### Your task
Write the records out again without change. Leave the pictures behind.

### Data to use
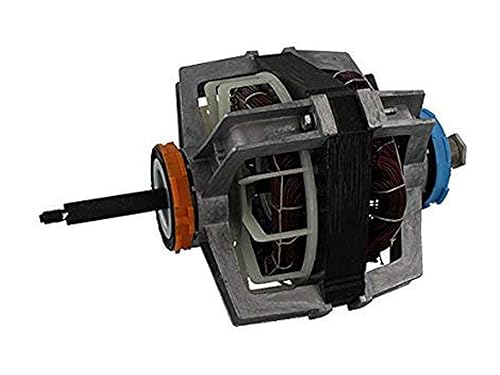 ClimaTek - Motor de accionamiento para secadora compatible con Maytag WP33002795 PS11741125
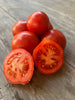 Bio - Tomaten, rund
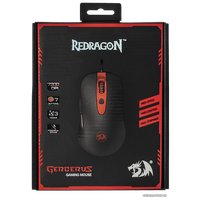 Игровая мышь Redragon Gerderus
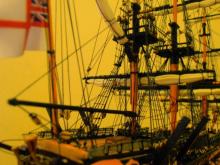 H.M.S. Victory - 5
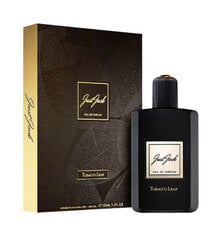 Kvapusis vanduo Just Jack Tobacco Leaf EDP moterims, 50 ml kaina ir informacija | Kvepalai moterims | pigu.lt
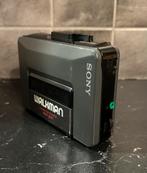 Sony Walkman WM-2011 - Nieuwe Riem, Werkt Prima!, Ophalen of Verzenden, Walkman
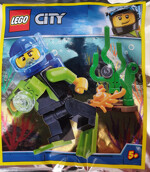 Lego 951906 Divers
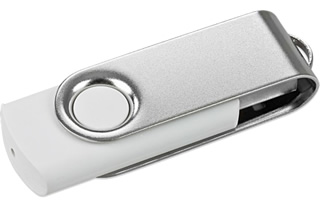 USB-Stick Swivel basic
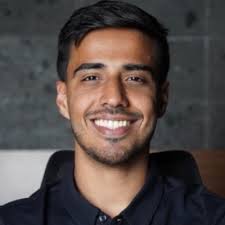 In 2005, a 21-year-old student named Alex Tew needed money for tuition.  Instead of getting a job, he built a website called The Million Dollar  Homepage. It was just a blank grid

### Response area
 ClimaTek - Motor de accionamiento para secadora compatible con Maytag WP33002795 PS11741125
 Bio - Tomaten, rund
 Игровая мышь Redragon Gerderus
 H.M.S. Victory - 5
 Kvapusis vanduo Just Jack Tobacco Leaf EDP moterims, 50 ml kaina ir informacija | Kvepalai moterims | pigu.lt
 Sony Walkman WM-2011 - Nieuwe Riem, Werkt Prima!, Ophalen of Verzenden, Walkman
 Lego 951906 Divers
 USB-Stick Swivel basic
 In 2005, a 21-year-old student named Alex Tew needed money for tuition.  Instead of getting a job, he built a website called The Million Dollar  Homepage. It was just a blank grid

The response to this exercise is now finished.